Draw a tree with roots, trunk and branches on a flipchart.

Give participants stickers of different colors, agreeing which ones will represent the root, trunk and branches.

Ask them to write their thoughts about the conflict on stickers and stick them on the tree: on the root - about the hidden problem, on the trunk - about the visible problem, on the branches - about the consequences of the conflict.

Analyze your tree all together and try to understand what is wrong and how to solve the problem.

It's actually not that easy to control yourself during a conflict.

Being opposite someone who is aggressive, angry, or simply showing their bad mood.

When faced with a threat, people naturally respond with a fight-or-flight response. In such a situation, the level of hormones increases, increasing its activity. This is not the most necessary reaction in modern life, but it is something we must learn to cope with.

You can learn the skill of staying calm and dealing with disagreements and conflicts in a healthy way. This will make the current circumstances less stressful and will help avoid deterioration of the situation and complete destruction of the relationship.

Advice from psychologists will allow you to remain calm no matter what conflicts you face.

Final Thoughts

In an ideal world, we would resolve all conflict situations in a rational and reasonable manner. However, in reality, we are not always able to behave like intelligent beings.
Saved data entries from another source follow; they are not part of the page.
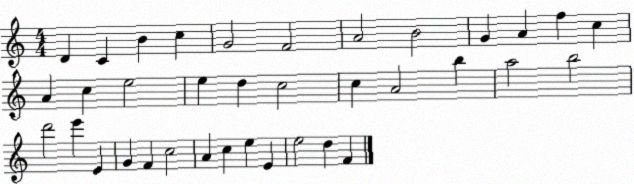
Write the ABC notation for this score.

X:1
T:Untitled
M:4/4
L:1/4
K:C
D C B c G2 F2 A2 B2 G A f c A c e2 e d c2 c A2 b a2 b2 d'2 e' E G F c2 A c e E e2 d F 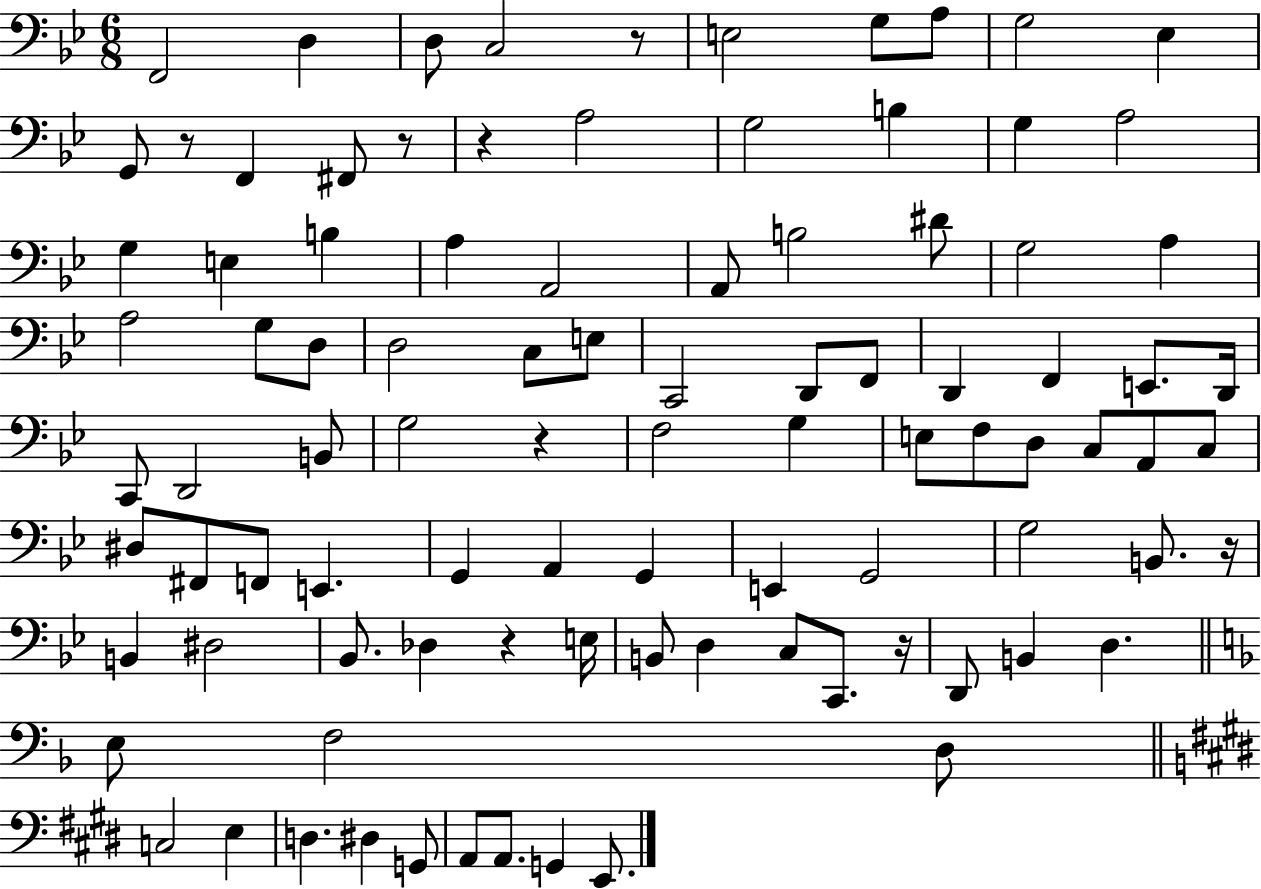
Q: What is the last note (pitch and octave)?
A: E2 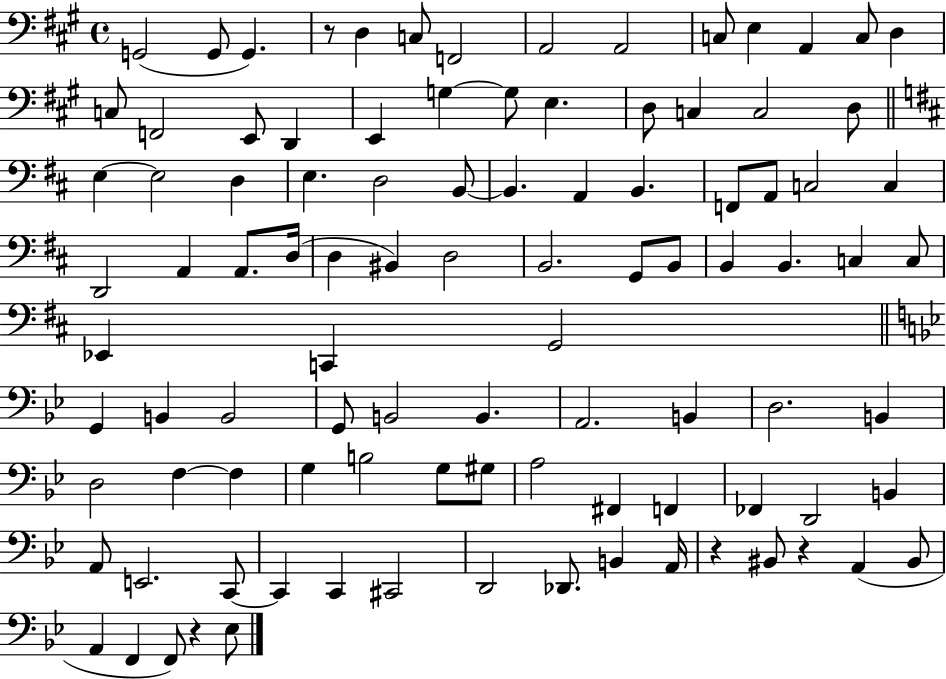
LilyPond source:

{
  \clef bass
  \time 4/4
  \defaultTimeSignature
  \key a \major
  g,2( g,8 g,4.) | r8 d4 c8 f,2 | a,2 a,2 | c8 e4 a,4 c8 d4 | \break c8 f,2 e,8 d,4 | e,4 g4~~ g8 e4. | d8 c4 c2 d8 | \bar "||" \break \key b \minor e4~~ e2 d4 | e4. d2 b,8~~ | b,4. a,4 b,4. | f,8 a,8 c2 c4 | \break d,2 a,4 a,8. d16( | d4 bis,4) d2 | b,2. g,8 b,8 | b,4 b,4. c4 c8 | \break ees,4 c,4 g,2 | \bar "||" \break \key g \minor g,4 b,4 b,2 | g,8 b,2 b,4. | a,2. b,4 | d2. b,4 | \break d2 f4~~ f4 | g4 b2 g8 gis8 | a2 fis,4 f,4 | fes,4 d,2 b,4 | \break a,8 e,2. c,8~~ | c,4 c,4 cis,2 | d,2 des,8. b,4 a,16 | r4 bis,8 r4 a,4( bis,8 | \break a,4 f,4 f,8) r4 ees8 | \bar "|."
} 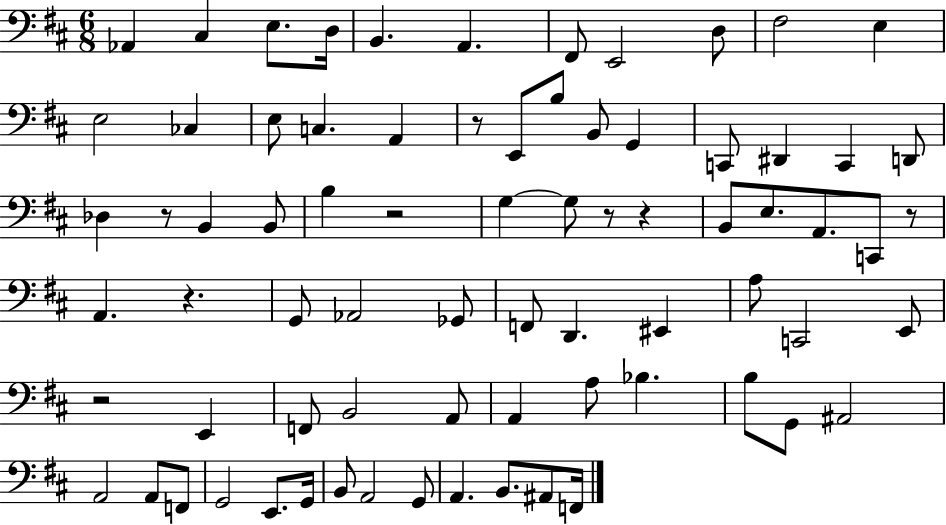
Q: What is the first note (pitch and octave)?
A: Ab2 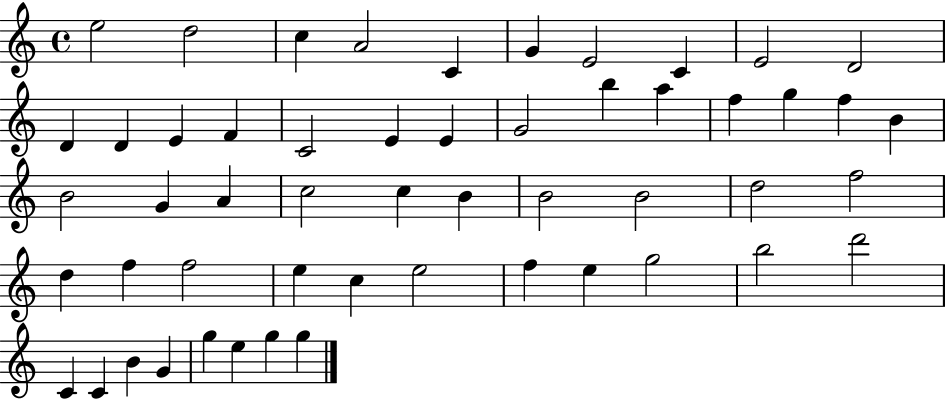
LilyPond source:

{
  \clef treble
  \time 4/4
  \defaultTimeSignature
  \key c \major
  e''2 d''2 | c''4 a'2 c'4 | g'4 e'2 c'4 | e'2 d'2 | \break d'4 d'4 e'4 f'4 | c'2 e'4 e'4 | g'2 b''4 a''4 | f''4 g''4 f''4 b'4 | \break b'2 g'4 a'4 | c''2 c''4 b'4 | b'2 b'2 | d''2 f''2 | \break d''4 f''4 f''2 | e''4 c''4 e''2 | f''4 e''4 g''2 | b''2 d'''2 | \break c'4 c'4 b'4 g'4 | g''4 e''4 g''4 g''4 | \bar "|."
} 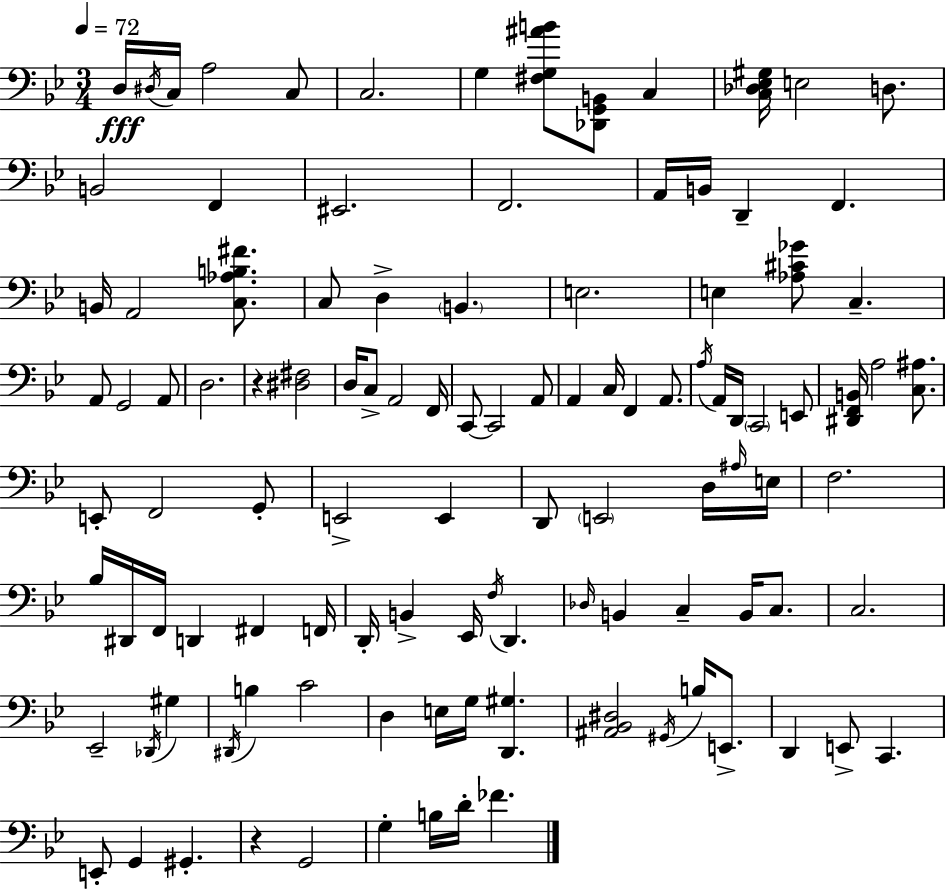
D3/s D#3/s C3/s A3/h C3/e C3/h. G3/q [F#3,G3,A#4,B4]/e [Db2,G2,B2]/e C3/q [C3,Db3,Eb3,G#3]/s E3/h D3/e. B2/h F2/q EIS2/h. F2/h. A2/s B2/s D2/q F2/q. B2/s A2/h [C3,Ab3,B3,F#4]/e. C3/e D3/q B2/q. E3/h. E3/q [Ab3,C#4,Gb4]/e C3/q. A2/e G2/h A2/e D3/h. R/q [D#3,F#3]/h D3/s C3/e A2/h F2/s C2/e C2/h A2/e A2/q C3/s F2/q A2/e. A3/s A2/s D2/s C2/h E2/e [D#2,F2,B2]/s A3/h [C3,A#3]/e. E2/e F2/h G2/e E2/h E2/q D2/e E2/h D3/s A#3/s E3/s F3/h. Bb3/s D#2/s F2/s D2/q F#2/q F2/s D2/s B2/q Eb2/s F3/s D2/q. Db3/s B2/q C3/q B2/s C3/e. C3/h. Eb2/h Db2/s G#3/q D#2/s B3/q C4/h D3/q E3/s G3/s [D2,G#3]/q. [A#2,Bb2,D#3]/h G#2/s B3/s E2/e. D2/q E2/e C2/q. E2/e G2/q G#2/q. R/q G2/h G3/q B3/s D4/s FES4/q. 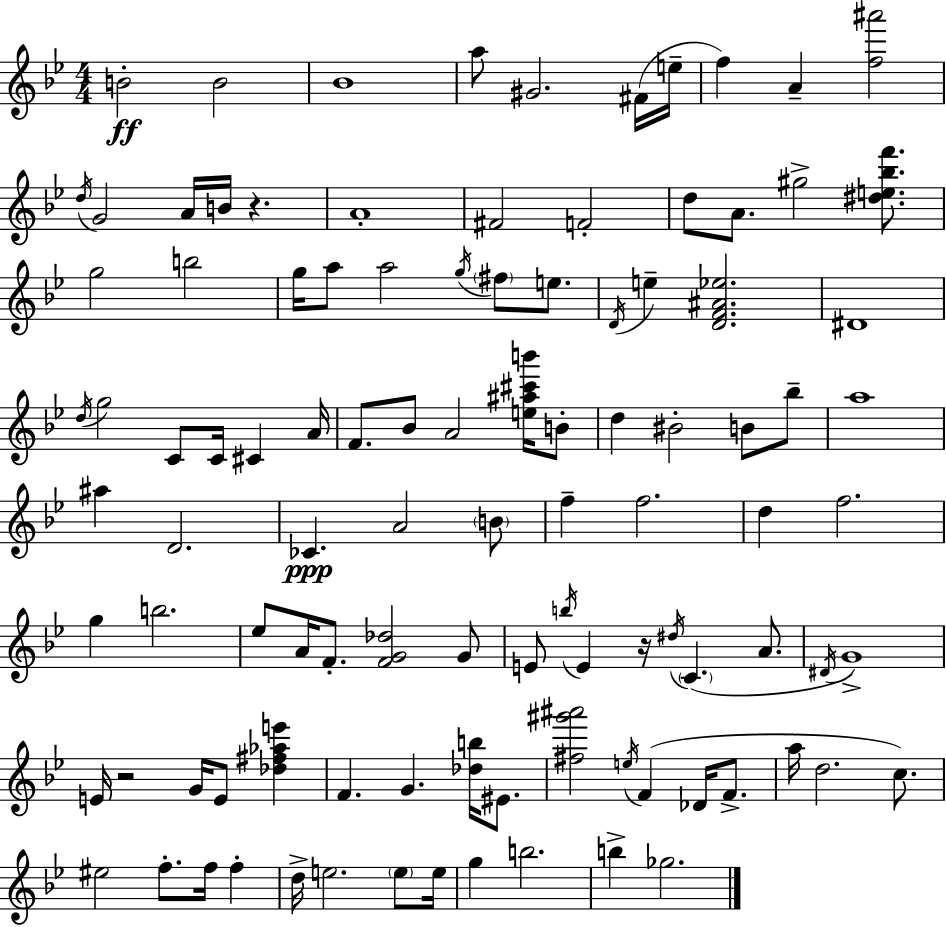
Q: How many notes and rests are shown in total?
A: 104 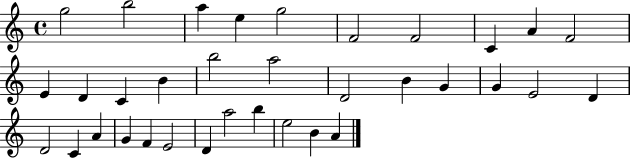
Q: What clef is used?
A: treble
By doing your best to keep yourself in check, you are more likely to achieve the exact outcome that makes all parties happy.

If you nevertheless give vent to your feelings, simply apologize to your opponent. Then be sure to forgive yourself. We are all human and we cannot behave correctly all the time.

If you are dealing with someone who has become out of control and has become verbally and physically aggressive toward you, end the conversation immediately. Find someone who can support you if you need it.

Take a break

Usually we react to a conflict situation immediately: either with attack or defense. But if we take a short break before this to catch our breath and calm those hormones that fill our body, we will be able to respond more carefully.

Deep breathing stimulates the parasympathetic nervous system, which calms us down.

We can also focus on relaxing any areas of our body that are under stress, such as the shoulders or jaw. This technique will only take a few minutes, but it will allow us to radically change our attitude towards the situation.

After which we will be able to choose the most rational model of behavior, and not behave like a cave dweller!